Im äußersten Südosten Österreichs, etwa 40 Autominuten östlich der Südautobahn und nahe der ungarischen Grenze, steht auf einem grünen Vulkansteinhügel die Ruine der Burg Güssing. Es ist die älteste Festung des Burgenlands, und blickt man an einem sonnigen Tag von ihren Zinnen herab auf den Ort und die umliegende Landschaft, wähnt man sich für Augenblicke in der Toscana. Hier ticken die Uhren langsam, die Schwalben fliegen hoch am Himmel über Wiesen und Wälder, in der Ferne hört man die alte Glocke von Maria Heimsuchung, Güssings Kirche. Nicht im Traum würde man darauf kommen, dass das rund 4500 Einwohner zählende Städtchen ein international renommierter Green-tech-Innovationsstandort ist, der jährlich tausende Besucher anlockt.

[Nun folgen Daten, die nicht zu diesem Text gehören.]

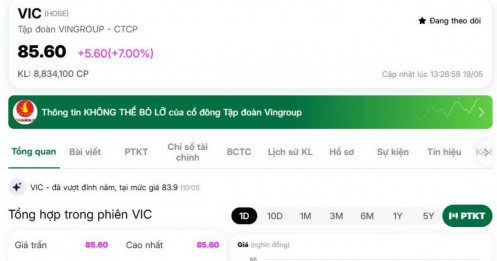 Cổ phiếu VIC tăng kịch trần ngày khởi công siêu dự án 20.000 tỷ đồng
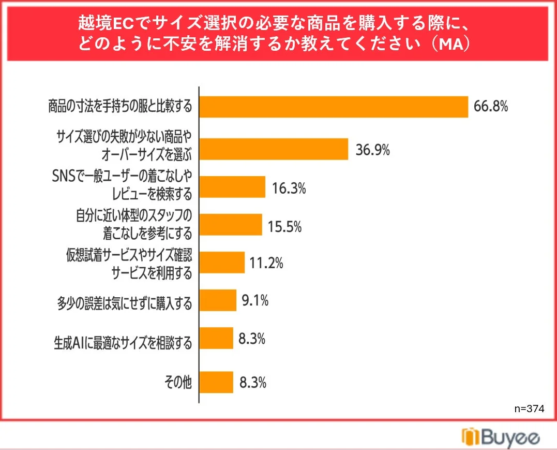 越境ECでサイズ選択の必要な商品を購入する際に、どのように不安を解消するか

Maßgeblich getragen wurde dieser Erfolg zum einen von den Güssingern selbst, zum anderen von Unternehmern mit Weitblick, die hier, mitten im malerischen Nirgendwo, Standorte eröffneten. Zu den wichtigsten unter ihnen gehört die deutsche Parador GmbH & Co KG. Parador existiert seit 1977 und ging seinerzeit ein 50:50-Produktions-Joint-Venture mit der Gebrüder Meyer Parkettindustrie GmbH ein, die bis dato Eigentümerin des Werks gewesen war. 2007 übernahm Parador das Güssinger Werk nach Jahren gemeinsamer Parkettfertigung und stetigem Standortausbau schließlich komplett.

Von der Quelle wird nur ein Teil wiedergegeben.